» Try it
Which lines below fall between the one containing "Rokuhan 7297030 Gleis" and the one containing "ROYAL ALBERT Old"? Repeat them exactly, counting both of those lines, and add nothing else.

***** Records for processing

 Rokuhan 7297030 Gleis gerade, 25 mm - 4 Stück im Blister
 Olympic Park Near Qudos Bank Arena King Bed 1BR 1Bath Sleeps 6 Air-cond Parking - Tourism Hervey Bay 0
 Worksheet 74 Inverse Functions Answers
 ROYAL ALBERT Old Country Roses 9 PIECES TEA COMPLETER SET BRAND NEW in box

**********
***** Records for processing

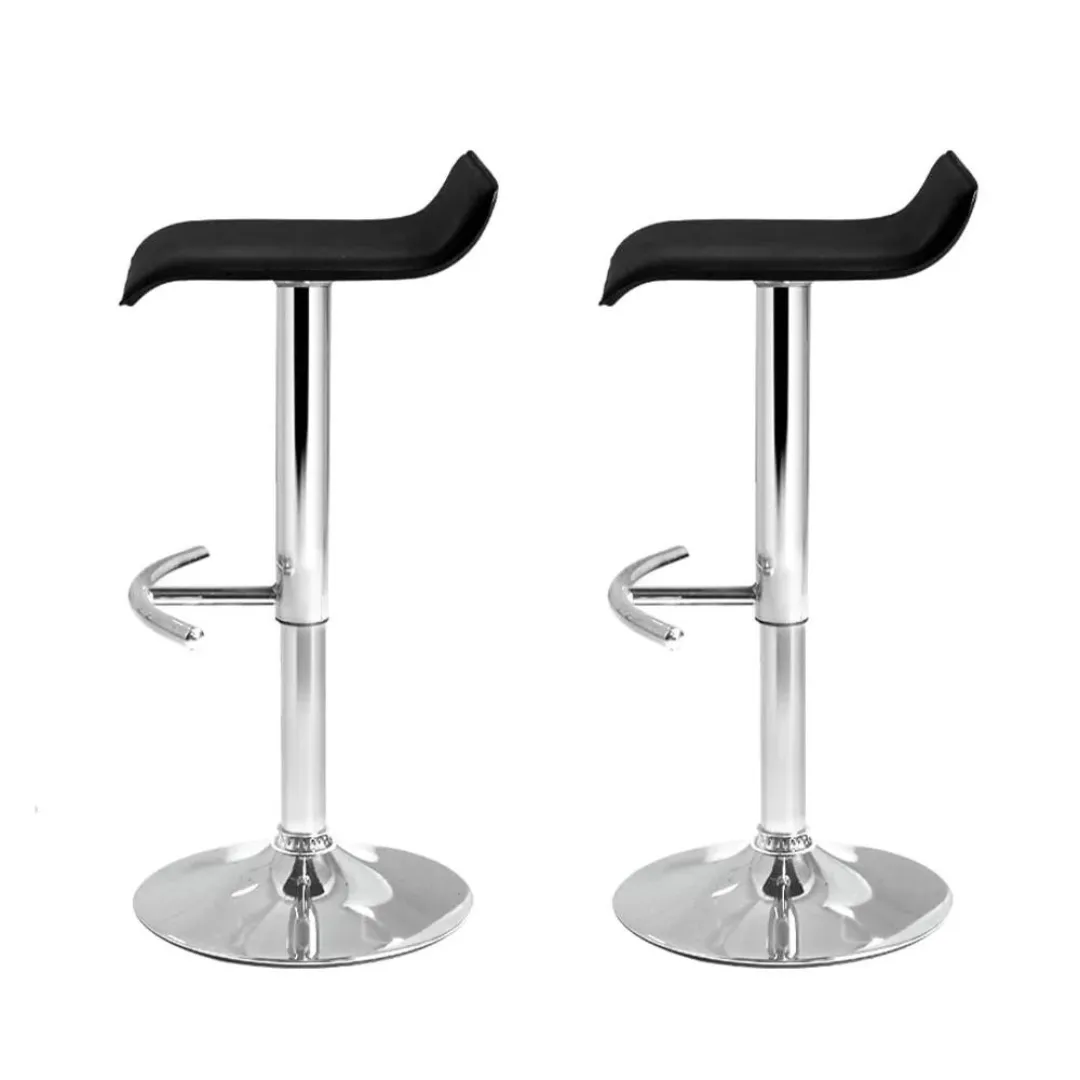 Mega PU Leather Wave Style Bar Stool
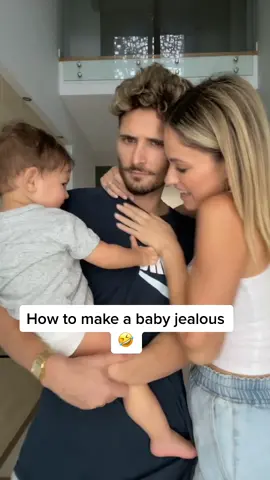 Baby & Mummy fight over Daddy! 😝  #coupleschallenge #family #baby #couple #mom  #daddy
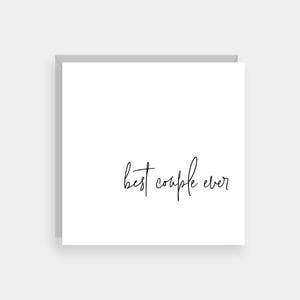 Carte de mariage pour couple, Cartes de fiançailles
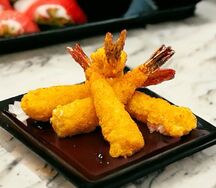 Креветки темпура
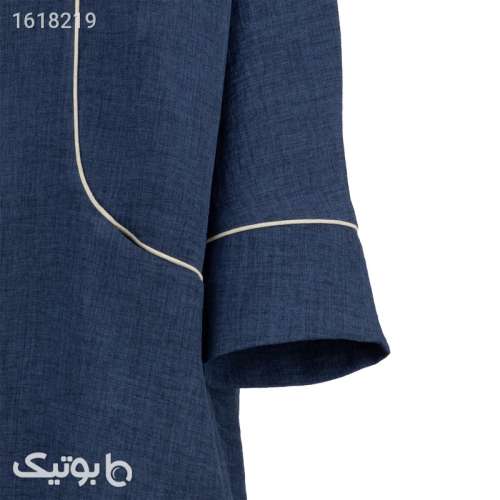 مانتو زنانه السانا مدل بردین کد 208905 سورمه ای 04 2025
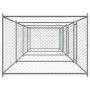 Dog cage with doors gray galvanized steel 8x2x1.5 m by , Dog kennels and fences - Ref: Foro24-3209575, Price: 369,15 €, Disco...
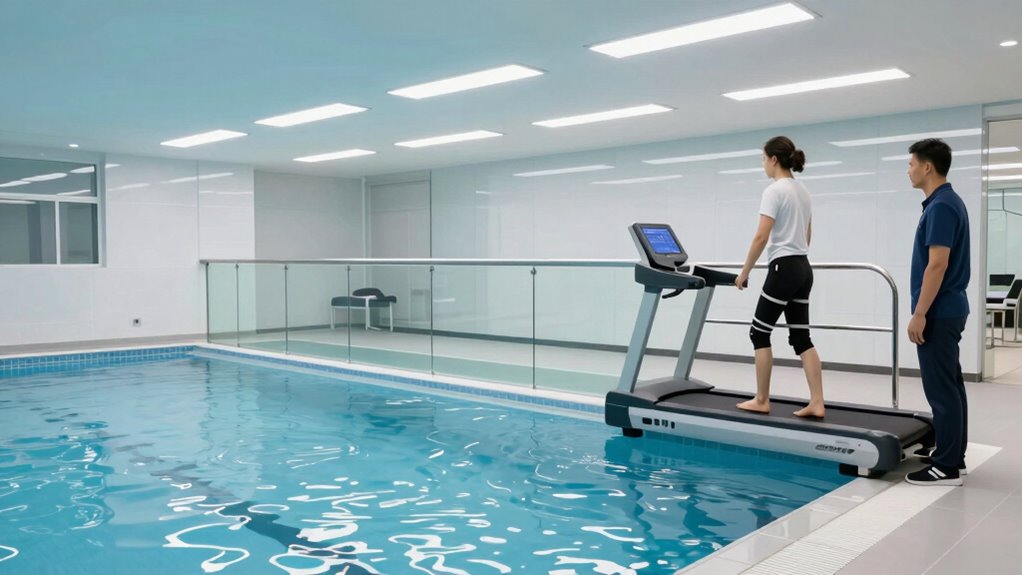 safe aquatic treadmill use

**********
***** Records for processing

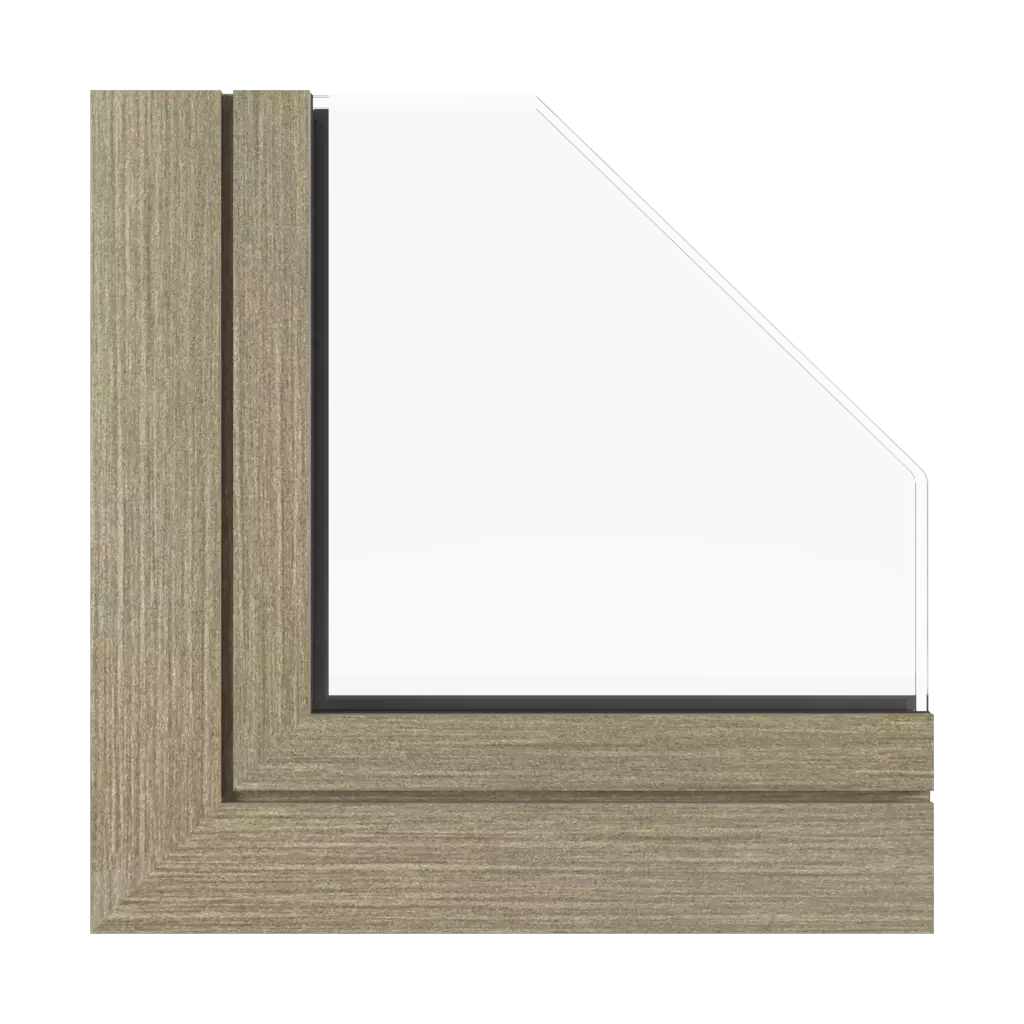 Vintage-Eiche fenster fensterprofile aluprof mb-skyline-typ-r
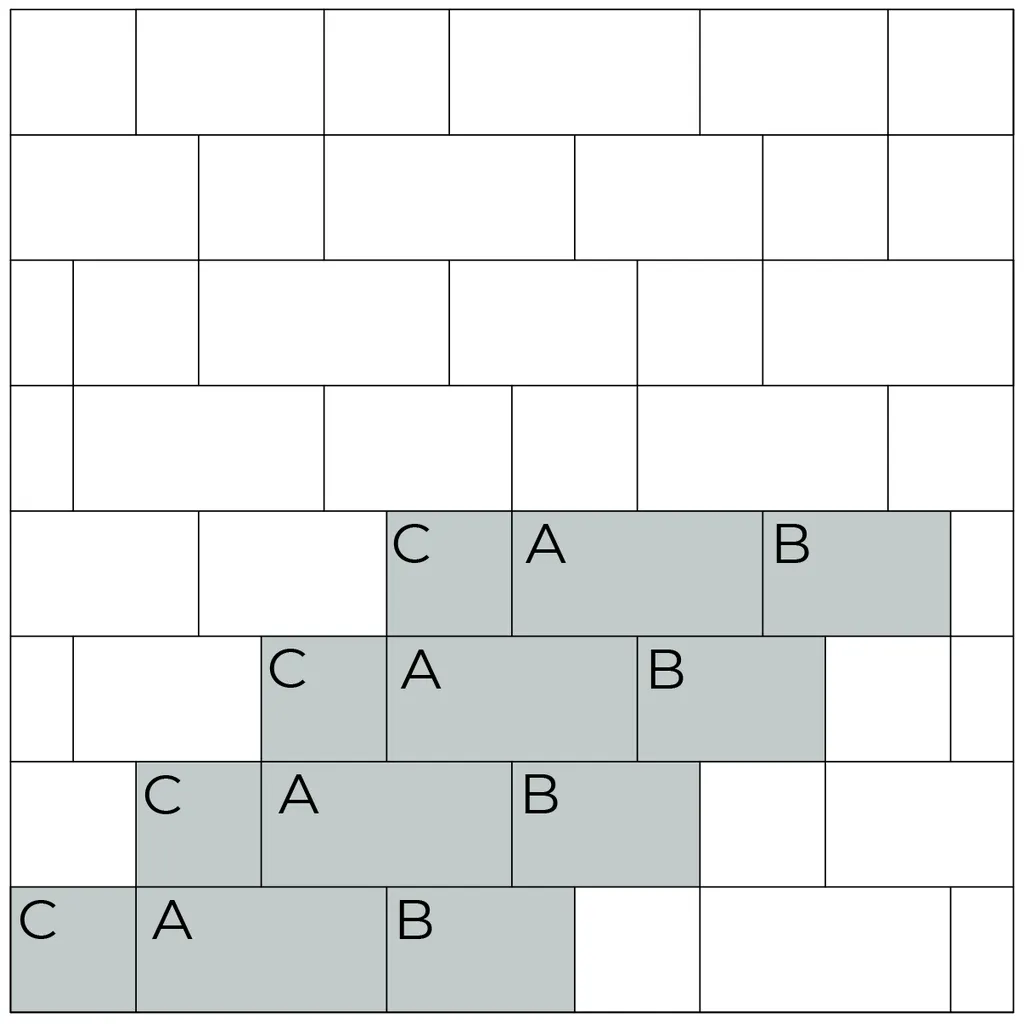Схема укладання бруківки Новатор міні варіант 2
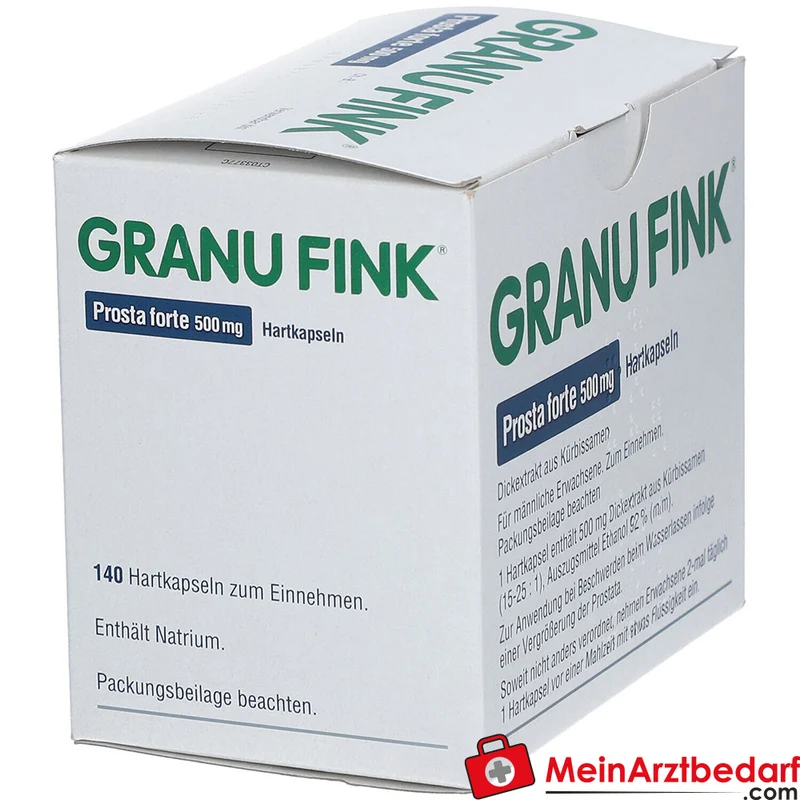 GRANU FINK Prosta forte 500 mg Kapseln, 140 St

**********

» Response for this exercise
 Rokuhan 7297030 Gleis gerade, 25 mm - 4 Stück im Blister
 Olympic Park Near Qudos Bank Arena King Bed 1BR 1Bath Sleeps 6 Air-cond Parking - Tourism Hervey Bay 0
 Worksheet 74 Inverse Functions Answers
 ROYAL ALBERT Old Country Roses 9 PIECES TEA COMPLETER SET BRAND NEW in box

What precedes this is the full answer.